Pakistan and Sri Lanka have come together and called for breaking the stalemate in the South Asian Association for Regional Cooperation (SAARC), and emphasised that the forum should be kept intact despite the ongoing differences. A logical and peaceful demand, in the face of an aggressive India, whose refusal to attend the last SAARC conference in Pakistan last year has made the SAARC almost redundant.

A panel discussion on “SAARC: Its Impediments and Way Forward”, was organised by the High Commission of Pakistan in Sri Lanka and the premier national security think tank, Institute of National Security Studies Sri Lanka (INSSSL), where workable solutions to longstanding issues such as the conflict between Pakistan and India on Kashmir were discussed.

Pakistan has time and again displayed goodwill on its part and expressed its desire to initiate dialogue. Last month, Pakistan sent back an Indian soldier who crossed the Line of Control, on humanitarian grounds. India has responded to this kind gesture by indulging in unprovoked cross border firing, violating the LoC despite our protests, killing an innocent man belonging from the Khuiratta sector. Pakistan’s Ministry of Foreign affairs said in a statement, “Despite Indian belligerence, Pakistan believes in peaceful neighbourhood and rejects all actions aimed at undermining regional peace and security”, and India’s provocations are on display for the international community, no matter the rhetoric it cooks up in its media.
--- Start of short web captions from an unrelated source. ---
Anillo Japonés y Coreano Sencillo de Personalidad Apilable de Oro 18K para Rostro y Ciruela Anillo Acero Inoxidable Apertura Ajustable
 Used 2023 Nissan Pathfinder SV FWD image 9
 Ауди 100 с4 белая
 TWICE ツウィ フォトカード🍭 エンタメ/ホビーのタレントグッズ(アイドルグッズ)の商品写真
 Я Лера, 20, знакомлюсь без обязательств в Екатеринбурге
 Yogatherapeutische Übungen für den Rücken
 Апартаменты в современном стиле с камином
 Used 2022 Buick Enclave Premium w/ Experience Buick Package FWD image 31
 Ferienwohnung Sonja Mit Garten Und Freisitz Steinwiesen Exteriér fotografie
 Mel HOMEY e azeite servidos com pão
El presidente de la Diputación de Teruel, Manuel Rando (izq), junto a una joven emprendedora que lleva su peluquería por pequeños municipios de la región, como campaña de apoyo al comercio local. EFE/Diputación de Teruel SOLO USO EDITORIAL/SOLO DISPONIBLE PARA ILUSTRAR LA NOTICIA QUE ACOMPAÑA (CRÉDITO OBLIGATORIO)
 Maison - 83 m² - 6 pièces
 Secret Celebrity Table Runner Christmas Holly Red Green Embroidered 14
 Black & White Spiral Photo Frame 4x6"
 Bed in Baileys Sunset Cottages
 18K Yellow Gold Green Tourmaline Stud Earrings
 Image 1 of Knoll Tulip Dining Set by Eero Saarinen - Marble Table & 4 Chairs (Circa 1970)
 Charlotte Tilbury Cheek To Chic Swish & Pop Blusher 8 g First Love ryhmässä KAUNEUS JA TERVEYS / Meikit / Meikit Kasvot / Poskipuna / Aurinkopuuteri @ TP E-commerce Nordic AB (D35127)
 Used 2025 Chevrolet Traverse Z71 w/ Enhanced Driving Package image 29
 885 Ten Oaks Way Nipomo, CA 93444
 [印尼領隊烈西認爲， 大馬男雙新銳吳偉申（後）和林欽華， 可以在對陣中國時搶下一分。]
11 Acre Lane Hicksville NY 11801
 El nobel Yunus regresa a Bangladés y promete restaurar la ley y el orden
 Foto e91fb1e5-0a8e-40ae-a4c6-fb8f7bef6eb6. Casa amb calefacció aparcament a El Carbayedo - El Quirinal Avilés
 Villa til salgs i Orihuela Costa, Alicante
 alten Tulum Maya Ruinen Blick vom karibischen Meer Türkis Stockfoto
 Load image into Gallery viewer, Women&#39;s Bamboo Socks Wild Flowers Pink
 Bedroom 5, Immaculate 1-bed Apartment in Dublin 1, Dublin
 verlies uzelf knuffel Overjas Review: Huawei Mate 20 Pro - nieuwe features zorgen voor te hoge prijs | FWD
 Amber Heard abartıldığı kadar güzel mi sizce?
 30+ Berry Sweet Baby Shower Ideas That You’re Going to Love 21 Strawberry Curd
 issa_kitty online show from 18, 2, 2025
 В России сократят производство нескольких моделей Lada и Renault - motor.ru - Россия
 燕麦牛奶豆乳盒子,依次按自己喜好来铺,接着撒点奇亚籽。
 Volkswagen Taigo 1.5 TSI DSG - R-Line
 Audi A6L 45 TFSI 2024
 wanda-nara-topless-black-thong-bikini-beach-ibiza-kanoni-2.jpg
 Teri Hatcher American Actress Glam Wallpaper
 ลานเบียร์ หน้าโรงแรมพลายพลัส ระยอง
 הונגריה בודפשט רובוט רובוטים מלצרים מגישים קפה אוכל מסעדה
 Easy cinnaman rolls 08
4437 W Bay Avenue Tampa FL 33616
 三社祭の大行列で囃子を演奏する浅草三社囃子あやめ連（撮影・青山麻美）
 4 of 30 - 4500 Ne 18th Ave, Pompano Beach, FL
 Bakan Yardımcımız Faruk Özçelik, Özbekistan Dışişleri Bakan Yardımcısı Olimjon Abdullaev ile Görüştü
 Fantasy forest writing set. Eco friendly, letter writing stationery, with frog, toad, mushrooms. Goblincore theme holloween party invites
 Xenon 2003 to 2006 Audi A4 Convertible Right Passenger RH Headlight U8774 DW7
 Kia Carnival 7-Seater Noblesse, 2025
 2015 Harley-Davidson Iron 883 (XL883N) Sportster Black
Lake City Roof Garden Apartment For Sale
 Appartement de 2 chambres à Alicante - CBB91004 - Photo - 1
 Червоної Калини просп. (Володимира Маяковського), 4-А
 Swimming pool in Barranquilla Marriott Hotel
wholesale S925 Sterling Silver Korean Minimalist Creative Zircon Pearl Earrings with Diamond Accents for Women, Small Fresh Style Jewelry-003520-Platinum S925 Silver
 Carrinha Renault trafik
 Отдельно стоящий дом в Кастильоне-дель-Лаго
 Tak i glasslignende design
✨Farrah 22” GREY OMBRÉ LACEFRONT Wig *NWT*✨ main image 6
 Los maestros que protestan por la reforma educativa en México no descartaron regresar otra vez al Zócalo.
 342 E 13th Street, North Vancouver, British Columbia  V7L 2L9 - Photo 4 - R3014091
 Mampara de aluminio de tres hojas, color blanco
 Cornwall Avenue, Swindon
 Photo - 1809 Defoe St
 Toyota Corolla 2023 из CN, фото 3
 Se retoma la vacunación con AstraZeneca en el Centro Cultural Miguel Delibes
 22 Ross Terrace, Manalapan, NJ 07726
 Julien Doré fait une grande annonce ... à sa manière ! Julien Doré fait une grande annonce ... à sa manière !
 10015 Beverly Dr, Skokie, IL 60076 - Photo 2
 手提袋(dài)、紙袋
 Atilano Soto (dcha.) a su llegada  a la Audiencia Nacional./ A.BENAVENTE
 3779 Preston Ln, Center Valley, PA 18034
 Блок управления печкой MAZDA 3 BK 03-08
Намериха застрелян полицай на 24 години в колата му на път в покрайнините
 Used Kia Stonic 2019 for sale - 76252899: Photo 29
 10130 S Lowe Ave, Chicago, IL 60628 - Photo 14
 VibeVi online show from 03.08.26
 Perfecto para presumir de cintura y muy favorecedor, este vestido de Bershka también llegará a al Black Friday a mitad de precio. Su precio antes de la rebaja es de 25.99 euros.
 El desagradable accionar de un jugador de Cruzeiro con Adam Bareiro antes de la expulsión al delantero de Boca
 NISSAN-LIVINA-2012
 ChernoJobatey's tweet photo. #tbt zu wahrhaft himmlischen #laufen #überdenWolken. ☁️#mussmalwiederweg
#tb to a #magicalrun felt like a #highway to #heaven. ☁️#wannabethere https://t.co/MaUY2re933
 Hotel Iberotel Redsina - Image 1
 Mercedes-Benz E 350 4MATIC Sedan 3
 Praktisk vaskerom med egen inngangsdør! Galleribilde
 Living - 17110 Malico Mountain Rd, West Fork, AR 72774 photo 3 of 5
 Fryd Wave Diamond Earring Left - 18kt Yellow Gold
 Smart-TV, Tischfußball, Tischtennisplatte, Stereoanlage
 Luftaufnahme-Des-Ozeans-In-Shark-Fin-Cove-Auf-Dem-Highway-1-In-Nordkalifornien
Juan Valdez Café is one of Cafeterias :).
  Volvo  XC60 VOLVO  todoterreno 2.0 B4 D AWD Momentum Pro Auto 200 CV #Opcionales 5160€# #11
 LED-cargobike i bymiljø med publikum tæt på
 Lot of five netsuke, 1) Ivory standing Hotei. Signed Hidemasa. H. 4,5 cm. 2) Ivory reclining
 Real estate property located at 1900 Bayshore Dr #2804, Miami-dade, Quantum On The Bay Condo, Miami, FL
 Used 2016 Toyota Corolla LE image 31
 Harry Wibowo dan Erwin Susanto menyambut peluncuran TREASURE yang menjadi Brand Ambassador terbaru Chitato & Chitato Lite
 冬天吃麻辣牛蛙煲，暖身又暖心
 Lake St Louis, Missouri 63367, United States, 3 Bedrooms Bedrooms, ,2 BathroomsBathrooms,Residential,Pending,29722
As an organisation, SAARC does not tackle the bilateral issues of India and Pakistan, a condition built into its charter, making it a non-threatening forum for regional trade and peace. Indian resistance to meeting Pakistan at SAARC is petty and selfish. India maybe prepared to throw it all away to appease a political party of extremists, but other member states should realise the benefits of the forum as a non-controversial platform to erect some semblance of good will upon.